About a month after A— and I got together, we drove from Asheville to the Outer Banks for a romantical weekend. Before we could get there, however, we were rear-ended by a dump truck on I-40 and crashed into a construction barrier. The air bags popped. The windshield shattered. Traffic was stopped for hours. The car was totaled. We went to the hospital and got prescriptions for completely unnecessary painkillers and stayed at a nearby friend’s house that night and borrowed her car the next day so we could get to the beach and back home. While we were at the pharmacy collecting our completely unnecessary painkillers, my sister called. She happened to be visiting our parents that weekend and said that our mom knew I was homo and was really upset. Like tears upset. Like, what-if-you-had-died-before-we-talked-about-this upset. I got that sinking stomach thing right away and started screaming that I was an orphan as of right now, this very second, no longer a member of my very own nuclear family just because I’m a big gay, fated to a Christmas alone with afternoon movies and Chinese takeout.

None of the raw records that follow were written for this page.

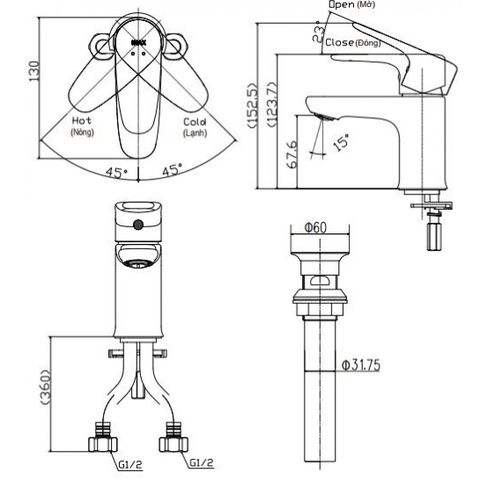 Vòi Lavabo nóng lạnh INAX LFV-1112S (SERIES 1110)
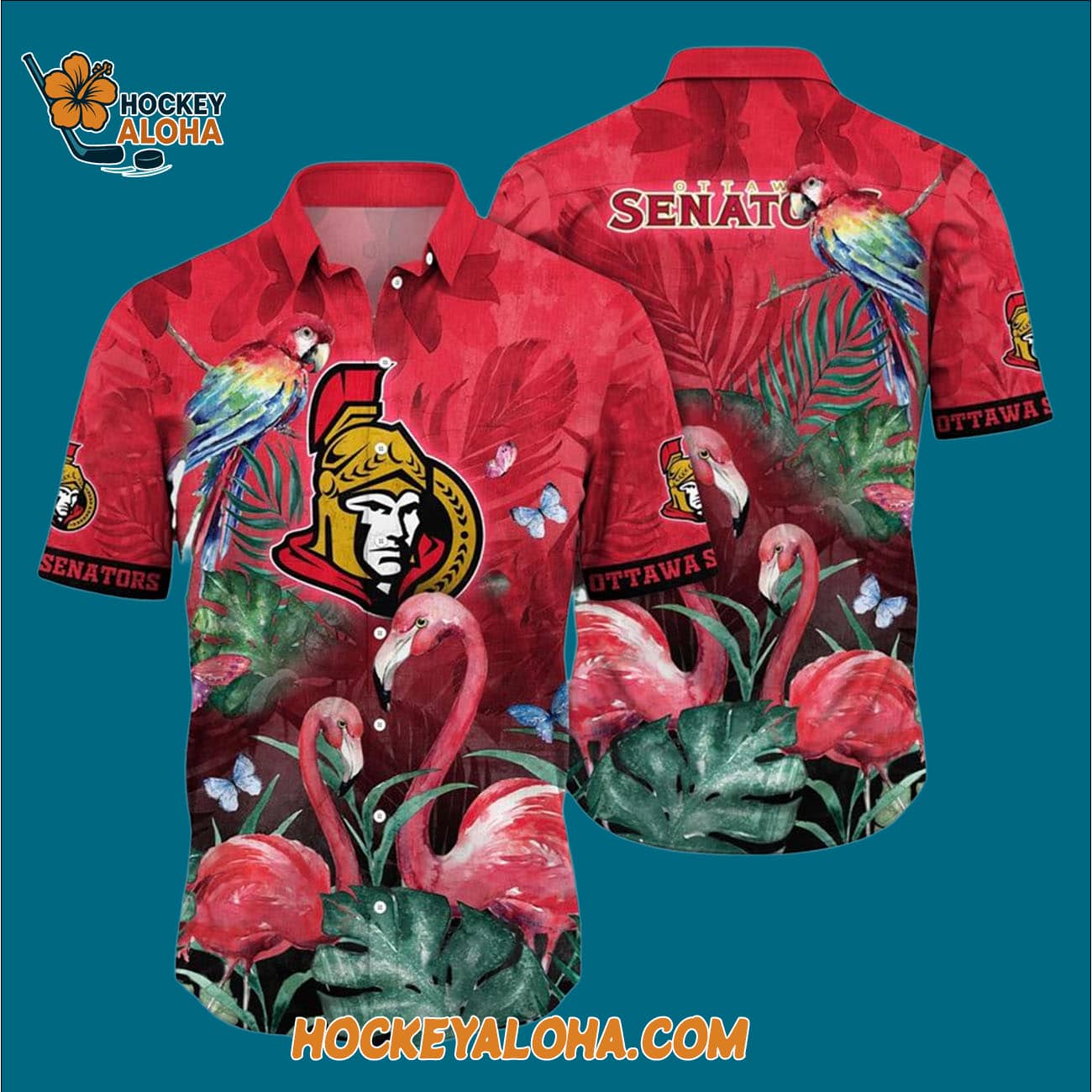 Ottawa Senators Tropical Parrot And Flamingo Motifs Summer Hawaiian Shirt Ottawa Senators Tropical Parrot And Flamingo Motifs Summer Hawaiian Shirt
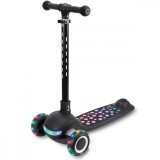 Trotineta pliabila, Action One Dots, cu lumina frontala, muzica si roti luminoase, Negru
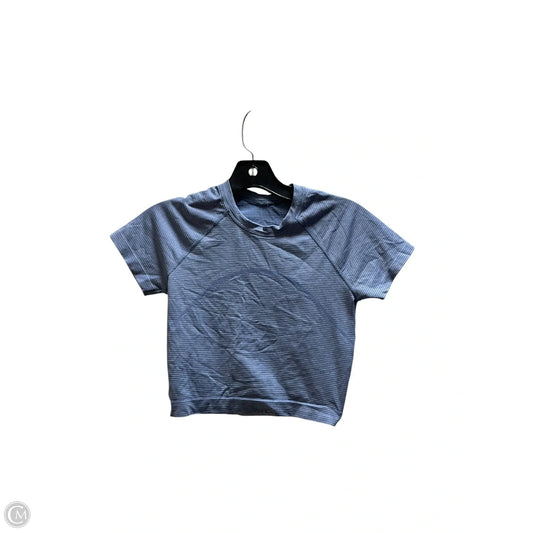 Athletic Top Short Sleeve By Lululemon In Blue, Size: 4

It was a hard weekend. A— and I were still freaked out about the wreck. We weren’t farther than arms-length away from each other for three days. When she was in bathroom I waited outside the door just in case she got sucked into the toilet. But it wasn’t just the whole near-death thing that freaked us out. It was the conversation I would soon have to have with my mom, a conversation I would rather have with my cellmate than my mother, a conversation A— also hadn’t had with her mother yet, a conversation that would make everything real. Alas, I like my mother and was still on her insurance, so I at was also a conversation that had to happen. I avoided her pleading messages until we got back from the beach and popped a few of the completely unnecessary pain killers and drank a few completely necessary beers and sat on my porch with A—, holding her hand like we were trying not to get torn apart by a tornado. The conversation went exactly like this:
Me: Who told you, my brother or my sister?
Mazog: No one. You’re father has gaydar.
And while I do think that my father’s gaydar is probably better than average because he kind of walks on his tiptoes, I suspect the big giveaway was less my hair cut and more the way A— and I interacted with each other. I had taken A— to my parents’ house one afternoon to borrow their canoe. I hadn’t done this with any of my other friends. All my parents knew about most of my friends was that they littered cigarette butts on my front porch and wiped with coffee filters because we never had any toilet paper at my house. But it wasn’t just that. It was the way we were with each other. Not touchy and not fawning and not overtly together, but still together, like there was a string that connected us and only us. The string, of course, broke. But I’m still gay. That’s not going to break.
And so, welcome to the family, VG. Frank and Betty will get over it when they meet me.